M. [R] [Y] se disant né le 5 novembre 2001 à [Localité 1] (Afghanistan), revendique la nationalité française sur le fondement de l'article 21-12 du code civil, pour avoir souscrit le 4 septembre 2019, alors qu'il était encore mineur, une déclaration en ce sens, et dans la mesure où il a été confié par décision de justice au service de l'aide sociale à l'enfance du Conseil Départemental de l'Aude sans discontinuité du 18 novembre 2015 à sa majorité.

Son action a été introduite à la suite d'un refus d'enregistrement de sa déclaration qui lui a été opposé par le greffier en chef du tribunal d'instance de Carcassonne le 9 octobre 2019, aux motifs que son état civil n'était pas fiable.

En application de l'article 30 alinéa 1er du code civil, la charge de la preuve en matière de nationalité incombe à celui qui revendique la qualité de Français lorsqu'il n'est pas déjà titulaire d'un certificat de nationalité délivré à son nom conformément aux dispositions des articles 31 et suivants du même code.

Nul ne peut revendiquer à quelque titre que ce soit, la nationalité française, s'il ne dispose d'un état civil fiable et certain. Aux termes de l'article 47 du code civil en effet, tout acte de 1'état civil des Français et des étrangers fait en pays étranger et rédigé dans les formes usitées dans ce pays fait foi, sauf si d'autres actes ou pièces détenus, des données extérieures ou des éléments tirés de1'acte lui-même établissent, le cas échéant après toutes vérifications utiles, que cet acte est irrégu1ier, falsifié ou que les faits qui y sont déclarés ne correspondent pas à la réalité.

L'acte de naissance du déclarant doit être authentique et conforme à la législation du pays dans lequel il a été dressé et, le cas échéant, porteur de la formalité de la légalisation ou de l'apostille, pour lui permettre de justifier d'un état civil certain et, partant, de sa minorité à la date de la souscription s'agissant, pour les déclarations souscrites sur le fondement de l'article 21-12 du code civil, d'une déclaration exclusivement réservée aux mineurs.

La France n'ayant conclu aucune convention de dispense de légalisation avec la République Islamique d'Afghanistan, les copies d'actes de l'état civil émanant de ce pays ne peuvent en principe produire d'effet en France si elles n'ont pas été légalisées.

Le ministère public considère que l'appelant ne fait pas la preuve d'un état civil fiable et certain.

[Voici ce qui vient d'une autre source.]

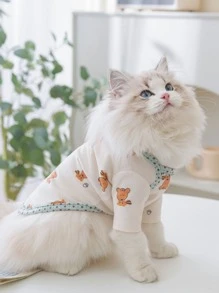 1pc Cartoon Graphic Pet Tee - Multicolor - View 1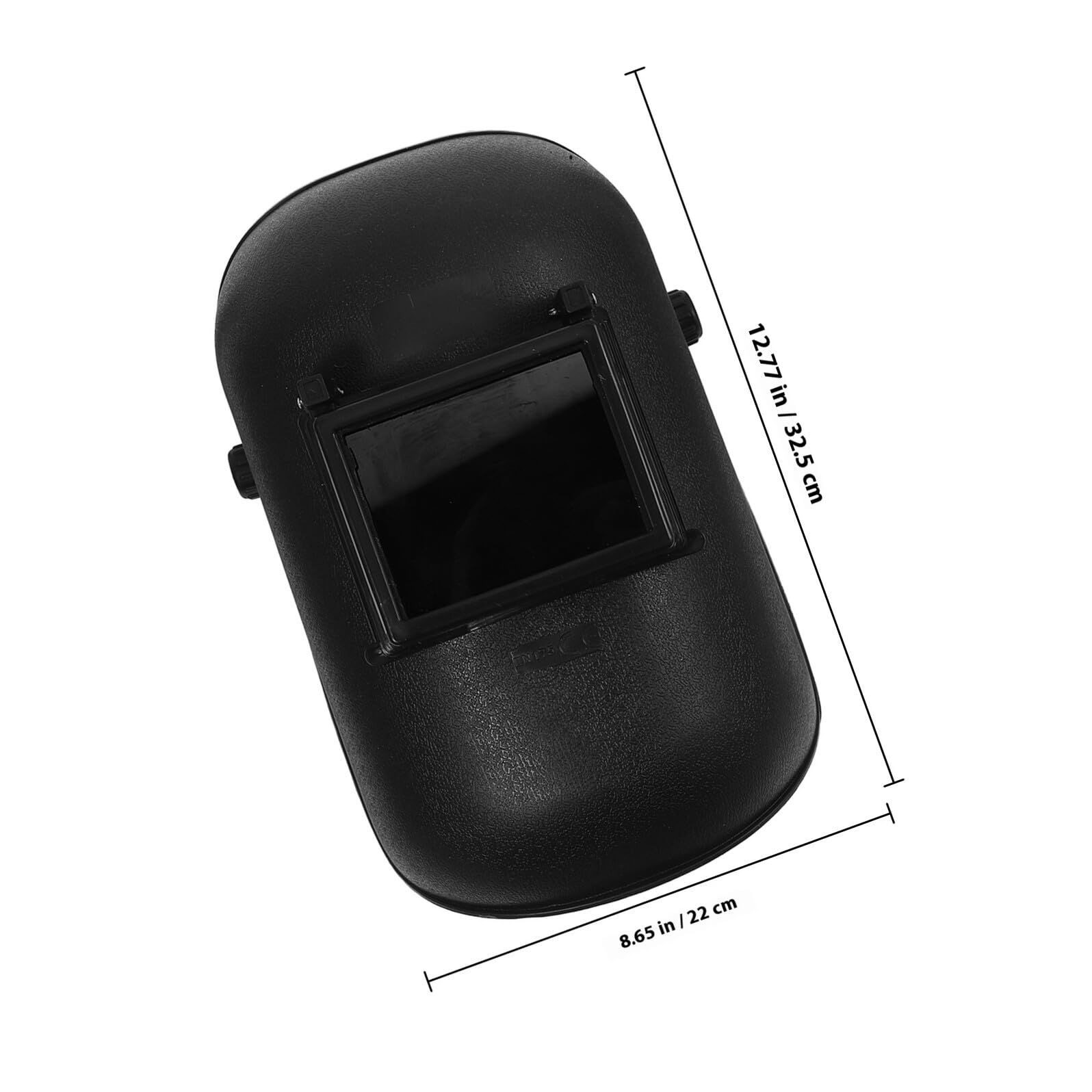 Maschera per Saldatura in Plastica Riutilizzabile Protezione per Occhi, Casco da Lavoro Leggero in Pp Nero per Saldatori Professionisti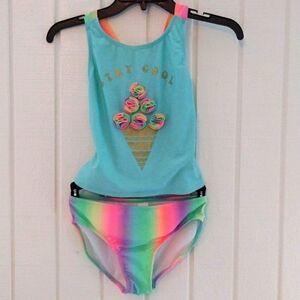 Girls 2 pc swimsuit
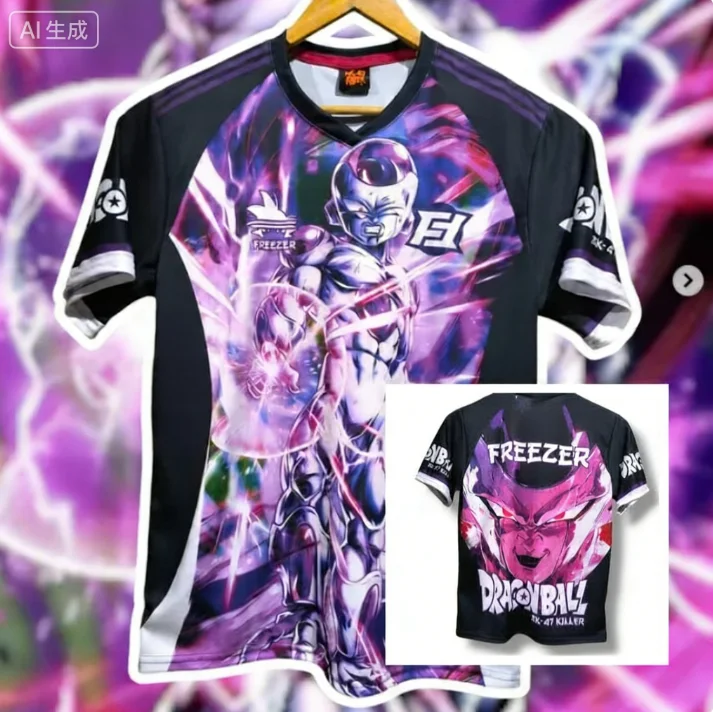 

Summer 2026 Hot Selling Men's Sports Jerseys T-shirt Japanese Dragon Ball Anime Printed T-shirt Breathable and Quick Drying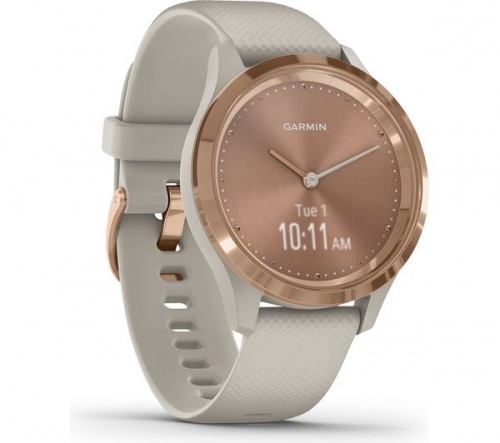 GradeB - GARMIN vivomove 3S Health & fitness tracker - Light Sand & Rose Gold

L'appelant produit en pièce n°38 un certificat de naissance établi par l'ambassade de la République Islamique d'Afghanistan à [Localité 3] le 11 février 2019, non signé et sans indication de son auteur, disant [Y] [R] né le 5 novembre 2001 à [Localité 1]. Mais comme le souligne le ministère public à la suite du jugement, un tel certificat ne peut être qualifié d'acte de l'état civil, s'agissant d'une simple attestation administrative qui ne fait aucune référence aux documents ayant servi de base à son établissement.

Cependant, M. [Y] produit encore:

- en pièce n°39, une "taskéra" n°30212885 en langue persane traduite par un traducteur assermenté le 3 juillet 2019, délivrée le 6 octobre 2018 par un auteur non nommément identifié, indiquant 1'identité du titulaire, et qui comprend au verso une signature et un cachet du 7 octobre 2018 comportant la mention "certification de l'identité du titulaire: l'acte de naissance de [R] [Y], fils d'[W], est certifiée" ,

- en pièce n°40, une taskéra n° 30212885 en langue anglaise délivrée le 30 octobre 2018, ne portant aucune indication de l'identité de son auteur, sur laquelle a été apposé le 30 octobre 2018 1e cachet "I.R. OF AFGHANISTAN Ministry of Foreign Affairs" (Ministère des Affaires Etrangères afghan) comportant des inscriptions en langue persane non traduites, et au verso la légalisation de cet enregistrement par l'ambassade d'Afghanistan à [Localité 3] en date du 11 février 2019,

Comme l'ont constaté les juges de première instance, cette légalisation ne porte pas sur la signature et l'identité du signataire de la taskéra, mais sur le cachet du Ministère des Affaires Etrangères afghan qui y est apposé. Cette mention ne permet pas de s'assurer qu'il a été effectivement procédé à la vérification de la qualité et de la signature de l'auteur de l'acte.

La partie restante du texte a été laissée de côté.